Frozen quietly beats fresh. Frozen green peas scored 17.6 grams per dollar; fresh broccoli crowns, 6.1. That matches what we found when we compared frozen versus fresh produce more broadly: the freezer aisle is where the value hides.
Berries are a luxury good, fiber-wise. The bottom four spots are all berries. Raspberries look impressive at 6.5 grams of fiber per 100 grams, but at $2.48 for a 6 ounce clamshell, you’re paying boutique prices. Five dollars buys 355 grams of fiber as split peas or 12 grams as blueberries.

The fine print on the top of the list
Two honest caveats before you fill a cart with split peas.
Whole wheat flour sits at number 1, and nobody eats flour with a spoon. It only counts if you bake, so treat it as a quiet upgrade: swap it into pancakes, muffins, and bread dough and the fiber tags along for pennies. If you want a number one you can actually put in a pot tonight, that’s split peas at number 2. Same asterisk applies to whole wheat spaghetti at number 9, except that one you can boil and eat on a Tuesday.

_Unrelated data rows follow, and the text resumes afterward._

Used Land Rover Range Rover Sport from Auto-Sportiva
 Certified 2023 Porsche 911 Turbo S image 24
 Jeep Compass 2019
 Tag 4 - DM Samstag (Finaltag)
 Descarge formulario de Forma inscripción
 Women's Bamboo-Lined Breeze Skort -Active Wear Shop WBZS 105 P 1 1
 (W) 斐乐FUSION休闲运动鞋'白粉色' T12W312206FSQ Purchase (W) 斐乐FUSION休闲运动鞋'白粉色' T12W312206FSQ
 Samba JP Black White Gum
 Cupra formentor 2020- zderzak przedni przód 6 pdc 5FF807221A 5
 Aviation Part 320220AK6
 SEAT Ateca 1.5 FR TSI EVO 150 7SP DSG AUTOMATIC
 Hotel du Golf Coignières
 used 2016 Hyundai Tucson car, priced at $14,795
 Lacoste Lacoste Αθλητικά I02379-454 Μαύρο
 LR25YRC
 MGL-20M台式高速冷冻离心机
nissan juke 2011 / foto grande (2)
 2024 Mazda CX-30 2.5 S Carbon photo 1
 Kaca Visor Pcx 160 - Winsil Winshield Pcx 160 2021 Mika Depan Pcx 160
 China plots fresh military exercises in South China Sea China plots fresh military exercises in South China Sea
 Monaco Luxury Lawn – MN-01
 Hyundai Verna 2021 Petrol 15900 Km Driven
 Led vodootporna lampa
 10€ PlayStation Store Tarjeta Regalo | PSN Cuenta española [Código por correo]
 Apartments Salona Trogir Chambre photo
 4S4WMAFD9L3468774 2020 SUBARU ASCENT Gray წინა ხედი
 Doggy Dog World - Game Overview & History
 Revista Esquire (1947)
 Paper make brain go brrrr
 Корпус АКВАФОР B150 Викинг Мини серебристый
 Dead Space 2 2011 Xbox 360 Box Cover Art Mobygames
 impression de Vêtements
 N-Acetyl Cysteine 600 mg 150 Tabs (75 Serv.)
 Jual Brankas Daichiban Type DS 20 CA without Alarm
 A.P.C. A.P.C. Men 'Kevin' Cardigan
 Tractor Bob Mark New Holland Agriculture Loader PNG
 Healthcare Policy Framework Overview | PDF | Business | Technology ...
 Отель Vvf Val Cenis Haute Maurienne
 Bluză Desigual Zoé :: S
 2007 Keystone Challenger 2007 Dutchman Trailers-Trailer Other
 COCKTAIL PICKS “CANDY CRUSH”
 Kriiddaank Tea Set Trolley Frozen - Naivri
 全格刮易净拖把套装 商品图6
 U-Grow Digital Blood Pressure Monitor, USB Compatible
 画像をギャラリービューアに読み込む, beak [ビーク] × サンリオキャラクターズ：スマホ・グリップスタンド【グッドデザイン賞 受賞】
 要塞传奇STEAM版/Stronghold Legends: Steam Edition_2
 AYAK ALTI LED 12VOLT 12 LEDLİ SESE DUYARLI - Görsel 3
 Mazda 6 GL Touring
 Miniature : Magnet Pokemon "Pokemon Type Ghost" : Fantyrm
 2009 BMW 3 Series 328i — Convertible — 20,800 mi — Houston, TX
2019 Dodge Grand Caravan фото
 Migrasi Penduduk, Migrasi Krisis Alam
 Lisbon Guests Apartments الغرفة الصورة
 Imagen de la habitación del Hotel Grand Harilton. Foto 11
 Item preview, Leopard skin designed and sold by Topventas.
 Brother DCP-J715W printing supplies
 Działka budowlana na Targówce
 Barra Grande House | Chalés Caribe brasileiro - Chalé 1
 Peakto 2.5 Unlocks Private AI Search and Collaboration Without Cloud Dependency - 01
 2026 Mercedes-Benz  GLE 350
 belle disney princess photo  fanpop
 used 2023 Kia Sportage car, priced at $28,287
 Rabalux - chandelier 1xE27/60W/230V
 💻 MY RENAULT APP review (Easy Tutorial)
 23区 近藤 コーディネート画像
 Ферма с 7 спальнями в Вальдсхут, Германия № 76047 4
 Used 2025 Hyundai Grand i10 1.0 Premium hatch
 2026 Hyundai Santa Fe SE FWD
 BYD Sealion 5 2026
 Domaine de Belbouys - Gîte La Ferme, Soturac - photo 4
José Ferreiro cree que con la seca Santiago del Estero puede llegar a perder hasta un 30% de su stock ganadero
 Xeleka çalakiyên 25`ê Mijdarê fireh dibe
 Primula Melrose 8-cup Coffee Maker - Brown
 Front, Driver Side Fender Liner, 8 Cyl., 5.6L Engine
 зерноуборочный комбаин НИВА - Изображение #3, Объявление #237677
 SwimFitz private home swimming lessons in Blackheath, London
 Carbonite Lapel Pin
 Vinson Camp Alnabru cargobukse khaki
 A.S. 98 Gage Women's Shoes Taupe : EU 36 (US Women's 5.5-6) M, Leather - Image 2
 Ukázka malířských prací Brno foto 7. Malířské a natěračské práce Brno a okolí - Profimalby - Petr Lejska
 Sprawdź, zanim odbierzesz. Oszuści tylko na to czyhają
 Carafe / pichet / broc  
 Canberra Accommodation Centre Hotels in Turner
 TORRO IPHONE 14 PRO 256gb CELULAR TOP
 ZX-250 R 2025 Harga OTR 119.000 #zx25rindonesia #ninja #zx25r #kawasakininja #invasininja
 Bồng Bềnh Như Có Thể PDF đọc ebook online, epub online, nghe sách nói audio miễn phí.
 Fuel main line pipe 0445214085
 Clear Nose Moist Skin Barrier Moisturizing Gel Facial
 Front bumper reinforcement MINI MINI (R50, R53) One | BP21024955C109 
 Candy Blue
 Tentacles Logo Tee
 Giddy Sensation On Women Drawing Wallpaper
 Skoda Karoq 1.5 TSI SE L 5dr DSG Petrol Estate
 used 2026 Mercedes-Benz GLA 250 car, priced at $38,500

And ranking low doesn’t make a food bad. Berries, avocados, and Brussels sprouts bring things to the table that a bag of navy beans never will. This list answers exactly one question: where each fiber dollar goes furthest. It’s a map, not a meal plan.

How to actually use this
Don’t overhaul anything. Just let the top of the table cover the boring baseline, cheap and on autopilot, and spend your remaining grocery money on whatever you actually crave.
- Pick two pantry anchors. A bag of split peas or lentils and a bag of pinto beans is maybe $5.50 and more fiber than most of us see in two weeks.
- Make oats or bran flakes the default breakfast. Both sit in the top 20 and neither requires a recipe.
- Let frozen peas be your emergency vegetable. Ninety seconds in the microwave, 17.6 grams per dollar, zero chopping.
- Buy berries because you love them. Just don’t buy them as a fiber strategy.
If you want the bigger picture on stretching a grocery budget, our healthy eating on a budget shopping list pairs well with this table.
The whole analysis comes down to one sentence: the cheapest high-fiber foods in America live in the dry goods aisle, they cost about a quarter per 100 grams, and the store has been hiding them at knee level below the fancy stuff the whole time. Now you have the receipts.